(Noah Syngergaard warming up on Sunday – Photo by Jason Schott)
Noah Syndergaard will be on the mound for the Mets against Clayton Kershaw of the Dodgers on Friday night for the opener of a pivotal three-game series as the Mets close in on a Wild Card spot.
While this is a premier pitching matchup, there was intrigue as to who would be behind the plate for the Mets, as Syndergaard, in a New York Post report Monday, said he preferred having Tomas Nido or Rene Rivera back there instead of everyday catcher Wilson Ramos.
So, after a week in which the big right-hander and Mets management went back and forth on if Syndergaard would get a personal catcher, the question when Thor’s next start rolled around would be who would be his batterymate?
The answer is Ramos, as Mets Manager Mickey Callaway explained, “I think that Noah is going to go compete no matter who’s catching him, and if we can get the (pitch) distribution where we want it, get the pitches where we want it, it doesn’t matter who catches him, we’ve seen that, right. The second-best game he ever pitched has been with Ramos.
“It’s about execution, it’s about conviction, it’s about belief, so we do also take that into consideration, and there will be times when Nido catches him or Rivera does catch him, like he did the other day (September 2 in Washington), but I think right now, I have faith in Noah that he’s gonna go out there and pitch a good game no matter who’s catching him, and I also understand that Ramos is going to give us the best opportunity to go score runs off of Clayton Kershaw,” echoing one of the reasons he gave earlier in the week for having Ramos back there for Syndergaard.
“There’s a delicate balance,” Callaway continued. “You have to understand Noah’s point of view, obviously. We have to understand that Ramos is a great offensive player, one of our best, and will be hitting in the four spot to score runs, and I think in the end – when I weigh all of those things – that my faith in Noah Syndergaard and who he is and what he can do probably pushes me towards Ramos.
“I don’t think that Noah has to have a (personal) catcher. I think it’s about Noah Syndergaard and who he is and what he can do, and I have faith that he’s going to do that, so I think that that pushes and sways me in that direction probably more than anything.”
Callaway was asked about worries about Syndergaard’s comfort -which the pitcher has voiced issues with this season – in weighing this decision, “The one thing about Noah is he works so incredibly hard, I mean this guy works harder, takes care of himself, he’s so thoughtful in everything he does – leading up to the season, through spring training, in between starts – that I feel like he puts himself in a good mental position to go compete.
“The other thing about Noah, and I’ve had conversations with him about this, is he’s never going to be satisfied, and that is his fuel for all those other times when he’s taking care of himself, eating the right way, eating his bone marrow. He does all these things to try to fuel that desire to continue to be greater and greater and he’s probably never going to feel that way, right. He can go throw a one-hit shutout, and ‘I didn’t throw a no hitter, and I should have today.’ He’s a bit of a perfectionist, and that’s a good thing because it drives him to continually work to be the best he can be every day.

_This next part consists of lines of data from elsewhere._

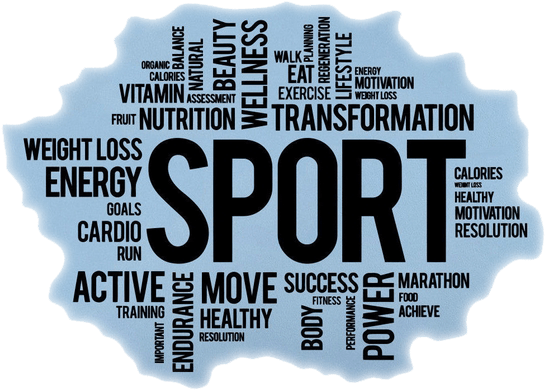 Motivationand Sport Word Cloud PNG with transparent background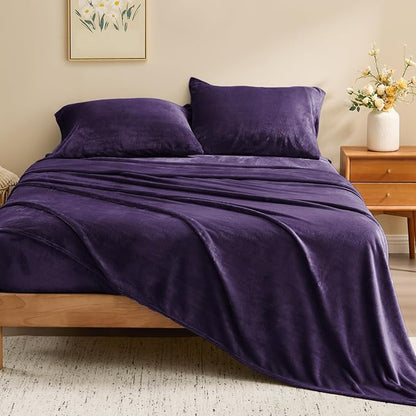BEDELITE Flannel Sheets Twin Size Purple - Super Soft Fleece Sheets Set Fluffy Extra Plush, 3 Piece(Include Fitted Sheet, Flat Sheet, 1 Pillowcase)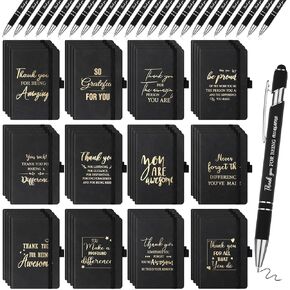 48 Pcs Employee Appreciation Gifts Hardcover Executive Notebooks A6,24 Thank You Notebooks Motivational Journals and 24 Pens Bulk for Team Employee Volunteer(Black, Thank You Theme)
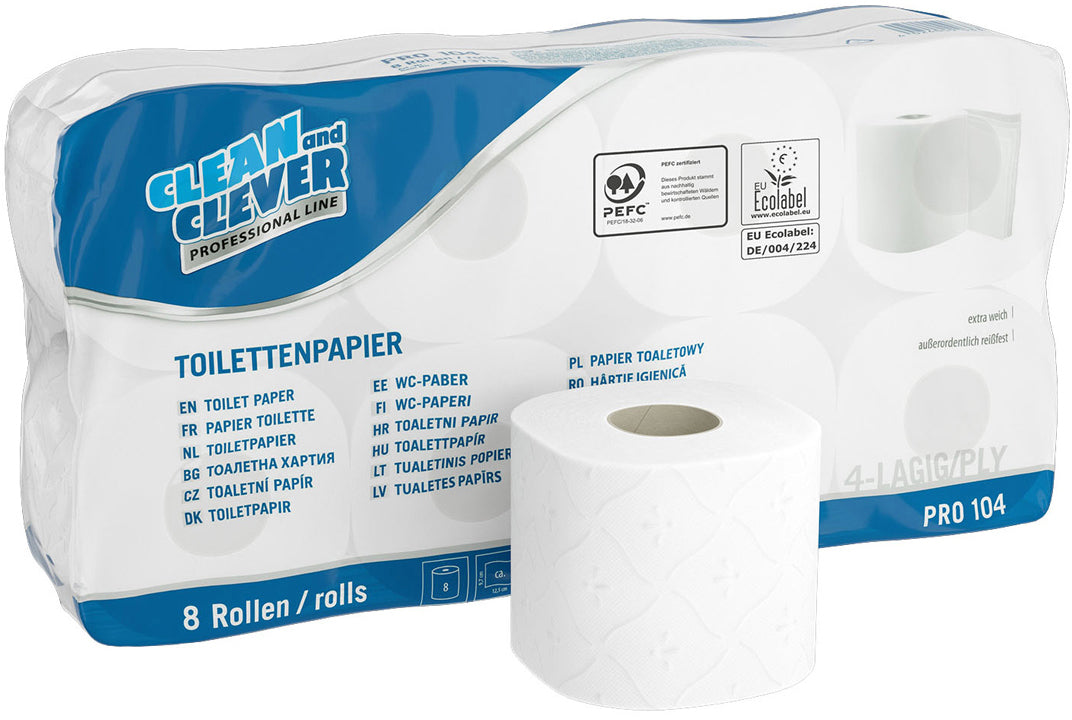 CLEAN AND CLEVER Papier-toilette 4x 9.7x12.5cm 14600 blanc PRO104 72 rl.,150 flls.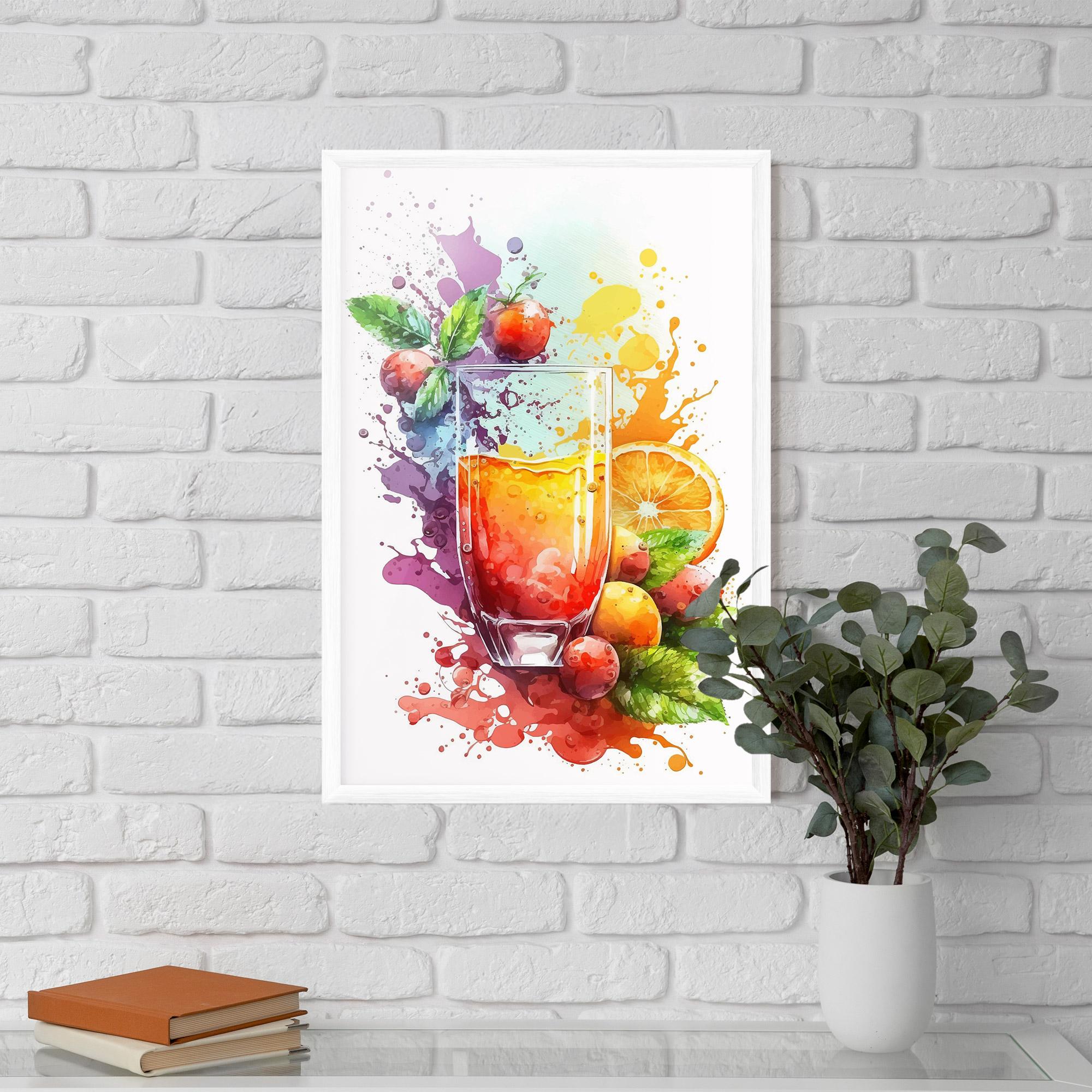 Poster Înrămat Watercolor Drink mockup 5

“I’m never concerned about his mentality going into a game because he’s one of the best competitors I’ve ever been around. You see him in a game, he really doesn’t let anything affect him. Umpire calls a bad pitch, he rarely even makes a grimace. He just keeps on focusing on the next pitch. I never worry about that.
“I think there’s a time after his start where you have to pump him up and show him you did a lot better than you thought you did, because he is that guy that’s never going to be able to quench that thirst for success. We have those conversations from time to time; I know the pitching coaches have even more with him, but this guy is the ultimate competitor and I don’t think he’ll let anything stand in his way.”